A reporter joined the protesters, holding with a makeshift sign that read, "THANK YOU, Mr. President."
The photographer who accompanied was somewhat concerned about safety, but the reporter responded: "As long as I don't get hit, I'll be fine."
Many New Yorkers are quite immune to strange behavior, and apparently it requires more than a sheet of legal-size paper bearing an unpopular opinion to elicit such a reaction. Most people simply stared as the reporter walked past — some with curiosity, some with stifled giggles. Others glared, as if the sign said, "Thank you, Hitler and Hussein! You've made the world a better place!" A minority averted their eyes as soon as they saw the reporter, a popular practice among those who don't want to be bothered by a person of questionable sanity. If the police blinked, it was only out of necessity.

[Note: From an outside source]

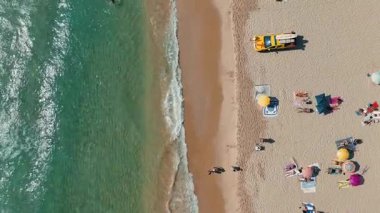 Neşeli bireylerle, renkli şemsiyelerle ve çarpan dalgalarla dolu canlı bir sahili yakalayan bir hava manzarası.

Those who did respond clearly had something to say. Eye-rolls abounded, and under-the-breath remarks ran the gamut from profanities to "Oh, please" to a sincere "Good girl!" A teacher from Brooklyn broke into hysterical laughter. She showed the reporter a magnet that depicted Mr. Bush and Vice President Cheney in an unquestionably compromising position.

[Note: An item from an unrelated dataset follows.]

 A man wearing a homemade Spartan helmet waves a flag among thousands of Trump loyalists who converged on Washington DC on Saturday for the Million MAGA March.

"He plays the gay card and the abortion card, and I don't think that's as important as health care and education. Our children do not know how to write," the teacher, who would identify herself only as Ms. Long, said.
A bespectacled, stroller-pushing man remarked, "He's killed thousands of people! You're thanking him for that?"
One man whipped out his cell phone and requested a photograph, more out of mockery than support.
No one was quite as outspoken as a silver-haired protester who told the growing crowd that what Mr. Bush had come to commemorate was what he had orchestrated himself. "America is part of the axis of evil — not the people, but the government," he said. "He'll be remembered as the worst president in history."
Later, in an attempt to pinpoint the commander in chief's driving route, the reporter spoke to dozens of policemen, but their responses were as varied as those of the passersby. One claimed absolute ignorance. "It's a Secret Service matter," he said. Another gave assurances that Mr. Bush would drive past Centre Street. Later, an officer said the president had already departed. Five minutes after that, the reporter was told that Mr. Bush was still at the site. That seemed like better information, seeing as he is scheduled to be in New York today.